Another stair-climbing study , also performed by a McMaster University research team, involved two sets of subjects. One group performed 20-second bouts of stair climbing (about three to four storeys) three times, with two minutes recovery between each interval. The second group performed 60-second bouts of repeatedly ascending and descending either one or two flights of stairs, three times with 60 seconds recovery between intervals. The two groups performed their workouts three days a week for six weeks.

The 20-second and 60-second interval workouts resulted in similar heart rate response and fitness gains, though the study subjects preferred the repeated bouts of 20 seconds of stair climbing over the 60-second intervals of continually climbing up and down one or two flights. They claimed to find the quick changes in direction destabilizing.
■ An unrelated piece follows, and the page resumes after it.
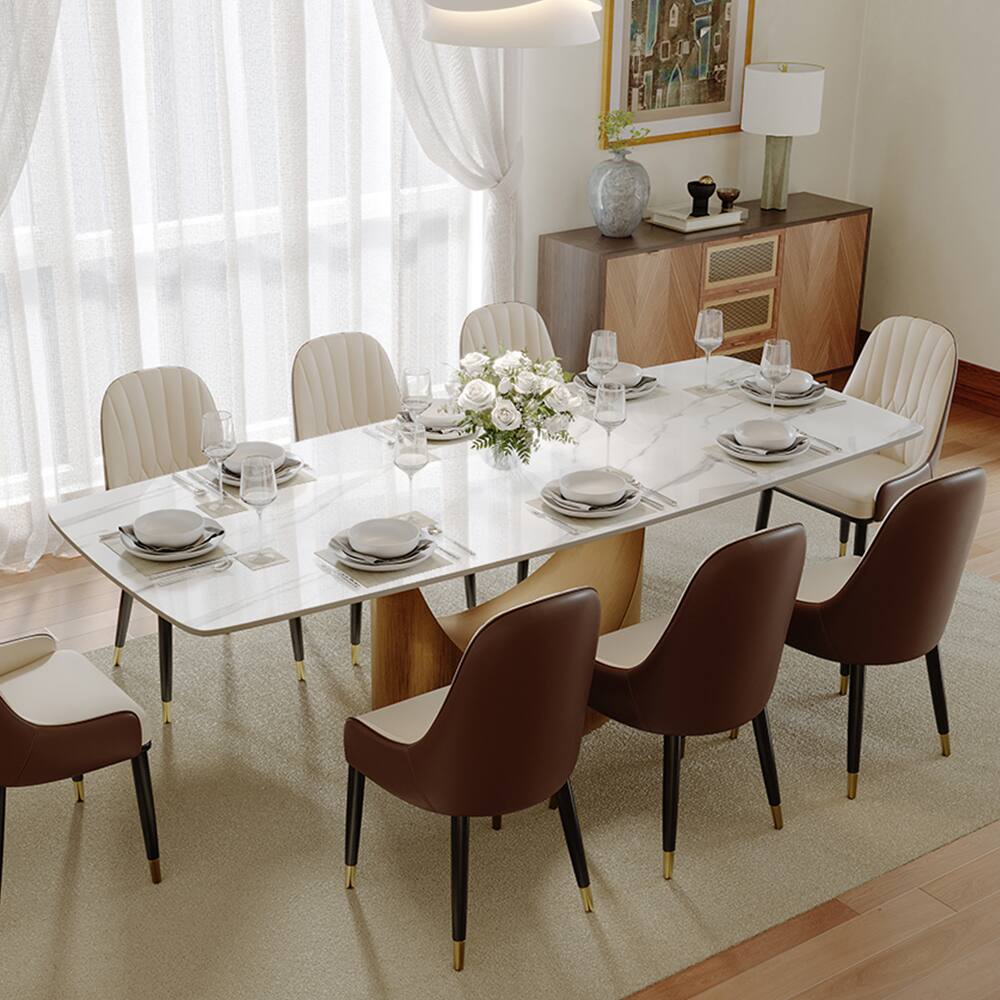 Front. POVISON - 94" Modern Minimalist Dining Table for 10, White Rectangular Glossy  Sintered Stone Tabletop, Bronze Carbon Steel Leg - Glossy White Sintered Stone with Bronze.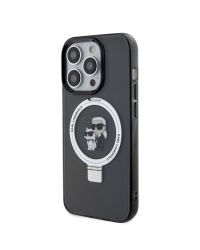 Karl Lagerfeld Ringstand Karl and Choupette MagSafe Case for iPhone 15 Pro Max Black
The McMaster studies add to the fitness options for people looking for another simple, accessible, time efficient workout to help achieve their weekly fitness goals. But to be clear, we’re not talking about the type of stair climbing you do while dressed in business casual. These 10-minute workouts demand a level of intensity that brings on a sweat.

But it’s not just the potential to improve health and fitness that makes stair climbing such a great workout option. Climbing the stairs is a functional day-to-day task that requires balance and agility, both of which deteriorate as the decades add up. The ability to go up and down stairs quickly and with confidence is a task worthy of preserving.

Use a set of stairs at home or at the office that will sustain a climb for a minimum of 20 seconds (about 60 steps) or a single/double flight of stairs that can accommodate quick changes in direction. Then use the stairs on those days when time isn’t on your side. A quick warmup, followed by three x 20 seconds or three x 60 seconds of stair climbing with a short recovery (one to two minutes) between bouts is a great stand-in for more traditional workouts. And when you think you’ve mastered the stairs at work or at home, there’s always the CN Tower.